The Ecosanctuary is also home to a breeding pair of South Island takahē, Quammen and Paku.

===Visitor facilities===
The promoters of the sanctuary anticipate 25,000 visitors per year. Following considerable debate they chose a site at the top of the valley system for visitor facilities, for its potential to attract visitors, its access and perceived low costs and "benefits for management of both ecology and
visitors". Here they built a NZD1.9 million visitor and education centre which they label as being a "showpiece of environmentally sustainable design".

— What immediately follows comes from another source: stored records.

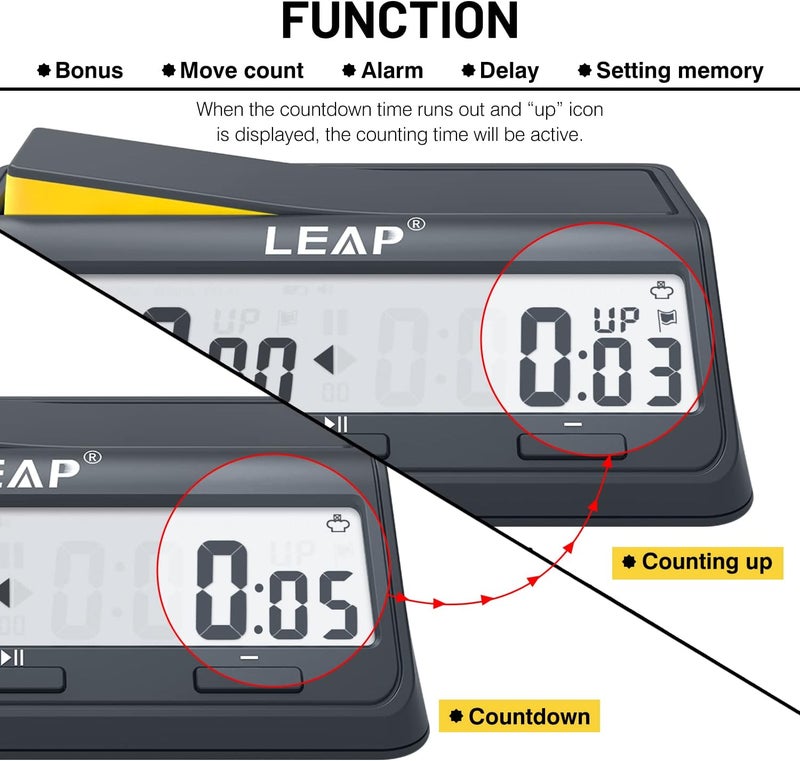LEAP Chess Clock Digital Timer Advanced for Game and Chess Timer with Bonus & Delay Count down up Alarm - Image 4
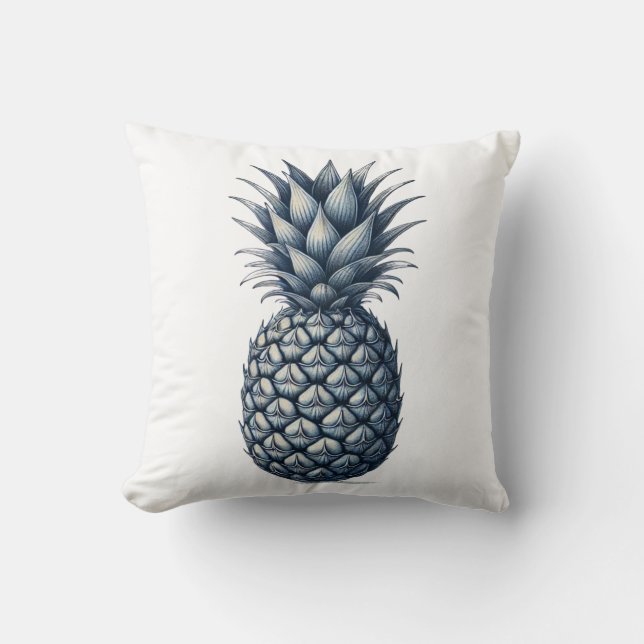 Cojín Decorativo Tropical Blue Pineapple Botanical (Anverso)
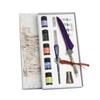 Crystal Dip Pen Feather Set Manual Gradient Color Writing Ink Pen Student Stationery Quill 17ml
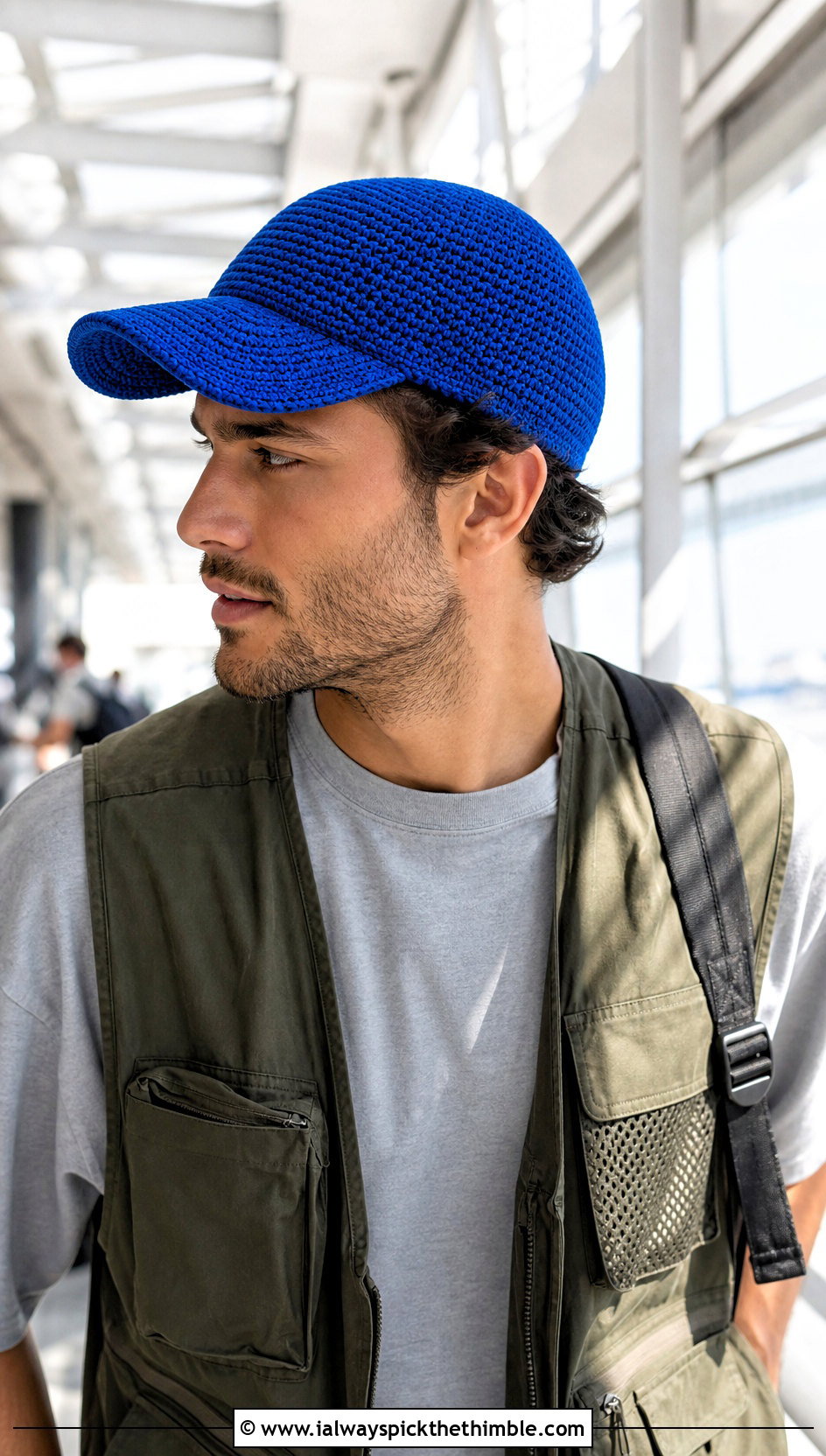 Textured Crochet Baseball Cap With Utility Vest - 20 male crochet hat outfit ideas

The chosen site "is on a road that is likely to become part of the
Southern Scenic Route, with relatively slow-moving traffic that will
be able to see the visitor centre and stop to investigate", with road links to Port Chalmers, Waitati, Dunedin and State Highway 1.

==Land history==
The Orokonui Valley was once part of a school, Orakanui College. Later, after closure, the grounds were acquired by the Government as an "inebriates' home."
They were subsequently cut-over and grazed, and partially planted in Eucalyptus regnans, one of which is New Zealand's tallest measured tree, the 82.25 m "Frank Pepers Tree". The former school and rehab property was divided. The agricultural land was vested in Landcorp and the major part of the land was managed as the Orokonui Conservation Area by DOC.